I don’t know just where the “writing” end of things leaves off and the “social” end begins, but the less you have in common, professionally, the more “social” has to take over. And that’s pretty much where things break down.

Clearly, we need more brownies.

6 Comments

  1. Reply

    Even in a city as large as DC it’s tough to put together the right critique group: partly because of logistics, but also because of individual critiquing styles. I’m in 3 different groups, as I’m working on 3 projects. Some members want to edit every line, some are constantly suggesting major rewrites including the totally unhelpful “start over.” I’m in the middle and love to give and get suggestions such as “This hook needs to be stronger,” and “Your character is coming off as mean. Is that what you want?” But all of my critique partners give me important ‘aha moments’ advice from time to time.

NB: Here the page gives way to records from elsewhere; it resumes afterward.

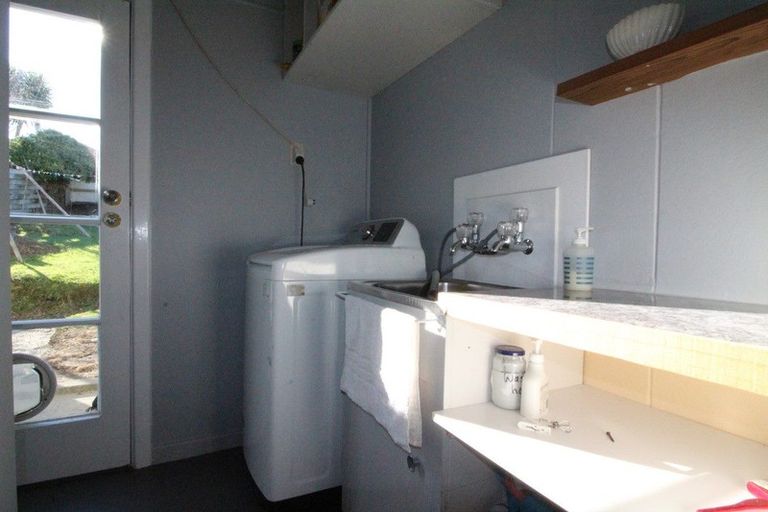 Photo of property in 19 Farm Street, Lumsden, 9730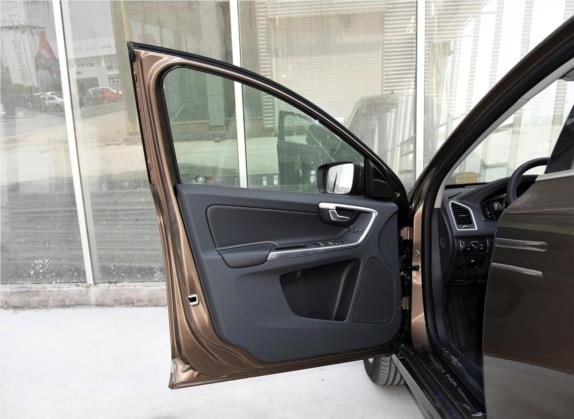 沃尔沃XC60 2016款 T5 AWD 智远版 车厢座椅   前门板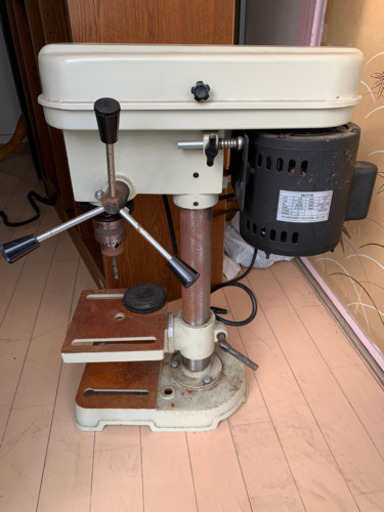 Makita 卓上ボール盤　TB131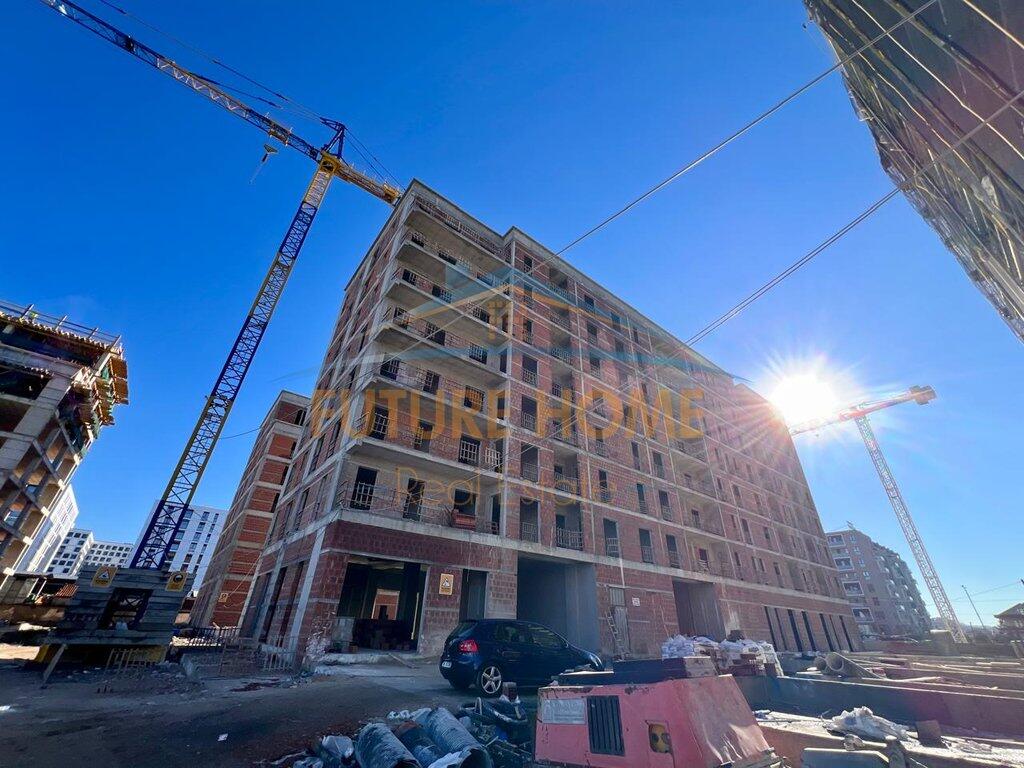 In vendita, Appartamento 2+1+2, Casa Italia, Tirana Entry 2.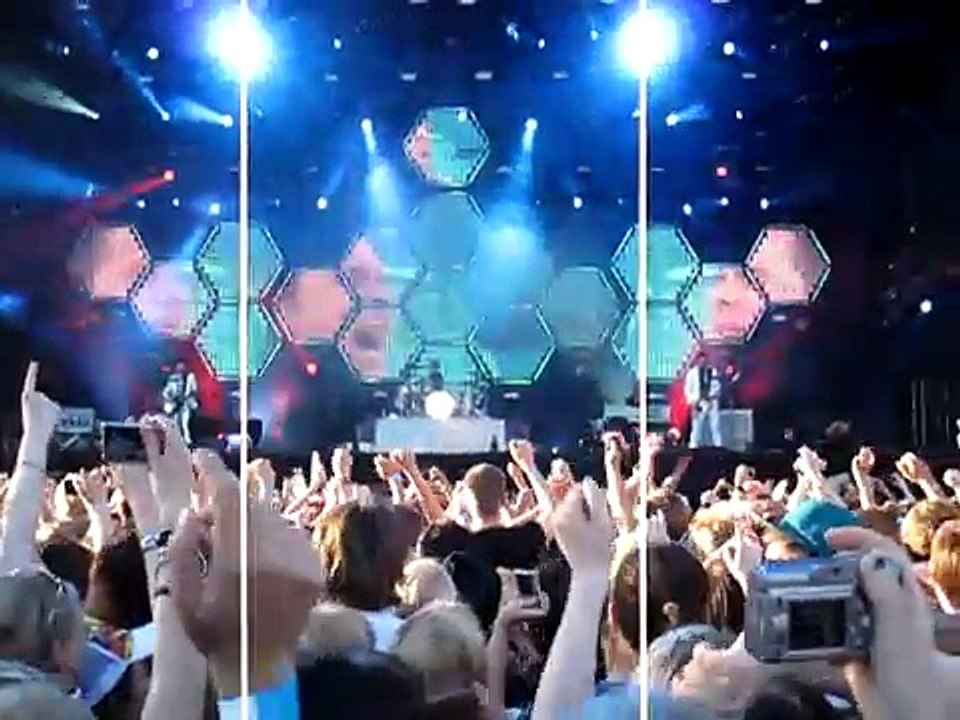 Muse - Map of the Problematique, Kaisaniemen puisto, Helsinki, Finland  7/19/2010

    I do believe the social time is the big unifier. Writing is a lonely profession. Having Brie and crackers with each other is like being in a support group!

    • Reply

      One of the best critiques I’ve ever gotten was something down the middle path. A friend told me she didn’t like the main character’s husband, because he came across as smug. And maybe a little bit of a control freak. I still don’t know what the *right* response is, when your wife tells you she’s going to go hunt down a serial killer, but I did manage to de-smug him a lot.

      • Reply

        Exactly the kind of critique I love, because even if I initially disagree it makes me take a serious look at my character. It’s concrete without being too specific or telling me exactly how I should have written it—don’t you hate that? I like questions, too. “Why did your character say that? What was her motivation?”

  2. Reply

    Hello Karen,
    Yes, the middle ground sort of critique partner is just what I’m looking for. I will stick with my twice-monthly critique group, despite the punctuation-obsessed members, because I always leave with something valuable, often from the most unexpected source. We meet in coffee shops, though, so I’m not allowed to bring brownies. Too bad.

    • Reply

      Thanks for taking the time to comment! I love my punctuation-obsessed friends, but more when I’m close to the point of submitting, than when I’m doing big, structural things.

      • Reply

        Because that’s called ‘editing.’ One of my partners thinks you should never use adverbs and circles every one and tells me what you should substitute. Every author I’ve ever read uses adverbs! I don’t point this out because it would only use up valuable time.